# Exercise brief:
Where the string "Ford" appears in a line of the material below, copy that line.

# Data shown:
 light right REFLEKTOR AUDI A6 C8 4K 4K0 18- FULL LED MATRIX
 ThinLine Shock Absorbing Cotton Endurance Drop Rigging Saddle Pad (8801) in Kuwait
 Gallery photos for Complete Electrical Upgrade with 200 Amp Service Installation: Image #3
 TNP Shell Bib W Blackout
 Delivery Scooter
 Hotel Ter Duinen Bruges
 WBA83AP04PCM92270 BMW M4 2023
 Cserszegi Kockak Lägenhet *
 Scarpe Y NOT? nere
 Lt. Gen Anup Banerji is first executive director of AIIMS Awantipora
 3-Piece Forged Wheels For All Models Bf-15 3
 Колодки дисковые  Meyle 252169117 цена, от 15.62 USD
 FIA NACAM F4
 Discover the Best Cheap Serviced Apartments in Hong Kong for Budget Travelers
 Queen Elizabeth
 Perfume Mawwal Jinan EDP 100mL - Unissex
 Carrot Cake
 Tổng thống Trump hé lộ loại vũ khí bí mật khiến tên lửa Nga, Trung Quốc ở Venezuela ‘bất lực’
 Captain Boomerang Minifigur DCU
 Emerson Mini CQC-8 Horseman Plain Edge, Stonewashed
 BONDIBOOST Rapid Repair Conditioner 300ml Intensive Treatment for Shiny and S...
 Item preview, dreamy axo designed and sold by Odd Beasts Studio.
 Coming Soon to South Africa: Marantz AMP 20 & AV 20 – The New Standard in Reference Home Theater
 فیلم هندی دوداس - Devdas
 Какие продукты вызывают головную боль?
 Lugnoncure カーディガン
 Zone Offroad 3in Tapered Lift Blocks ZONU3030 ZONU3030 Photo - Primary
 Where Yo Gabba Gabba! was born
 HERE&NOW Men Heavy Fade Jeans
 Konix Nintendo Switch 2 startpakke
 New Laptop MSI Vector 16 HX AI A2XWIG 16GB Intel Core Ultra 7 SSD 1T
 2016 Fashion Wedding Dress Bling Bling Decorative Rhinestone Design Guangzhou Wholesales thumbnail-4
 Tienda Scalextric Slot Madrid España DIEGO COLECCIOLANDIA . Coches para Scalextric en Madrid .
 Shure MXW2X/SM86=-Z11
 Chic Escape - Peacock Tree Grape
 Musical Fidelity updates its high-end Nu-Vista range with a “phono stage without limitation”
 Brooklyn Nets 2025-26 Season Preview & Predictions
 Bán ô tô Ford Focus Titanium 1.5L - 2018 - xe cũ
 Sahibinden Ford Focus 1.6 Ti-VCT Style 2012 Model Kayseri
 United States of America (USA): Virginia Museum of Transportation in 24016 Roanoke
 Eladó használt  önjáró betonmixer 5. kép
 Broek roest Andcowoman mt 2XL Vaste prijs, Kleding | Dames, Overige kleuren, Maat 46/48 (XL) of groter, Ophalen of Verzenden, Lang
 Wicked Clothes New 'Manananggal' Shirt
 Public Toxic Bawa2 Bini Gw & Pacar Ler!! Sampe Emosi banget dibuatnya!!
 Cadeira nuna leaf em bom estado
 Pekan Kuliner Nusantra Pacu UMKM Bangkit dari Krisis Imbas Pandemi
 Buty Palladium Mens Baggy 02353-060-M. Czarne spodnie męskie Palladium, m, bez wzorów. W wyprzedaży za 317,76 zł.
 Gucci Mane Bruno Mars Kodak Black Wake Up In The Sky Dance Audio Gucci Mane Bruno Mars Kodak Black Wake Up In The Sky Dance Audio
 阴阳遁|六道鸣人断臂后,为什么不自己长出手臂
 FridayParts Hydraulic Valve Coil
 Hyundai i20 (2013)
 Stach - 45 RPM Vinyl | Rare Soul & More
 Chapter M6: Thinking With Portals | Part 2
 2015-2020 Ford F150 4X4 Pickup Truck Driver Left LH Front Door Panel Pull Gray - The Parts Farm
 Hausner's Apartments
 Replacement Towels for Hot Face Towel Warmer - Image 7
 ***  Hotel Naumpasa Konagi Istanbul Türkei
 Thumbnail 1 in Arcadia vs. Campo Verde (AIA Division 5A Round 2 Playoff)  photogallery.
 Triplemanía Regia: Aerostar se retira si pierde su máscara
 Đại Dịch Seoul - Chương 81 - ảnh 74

# Solution for this problem:
 Bán ô tô Ford Focus Titanium 1.5L - 2018 - xe cũ
 Sahibinden Ford Focus 1.6 Ti-VCT Style 2012 Model Kayseri
 2015-2020 Ford F150 4X4 Pickup Truck Driver Left LH Front Door Panel Pull Gray - The Parts Farm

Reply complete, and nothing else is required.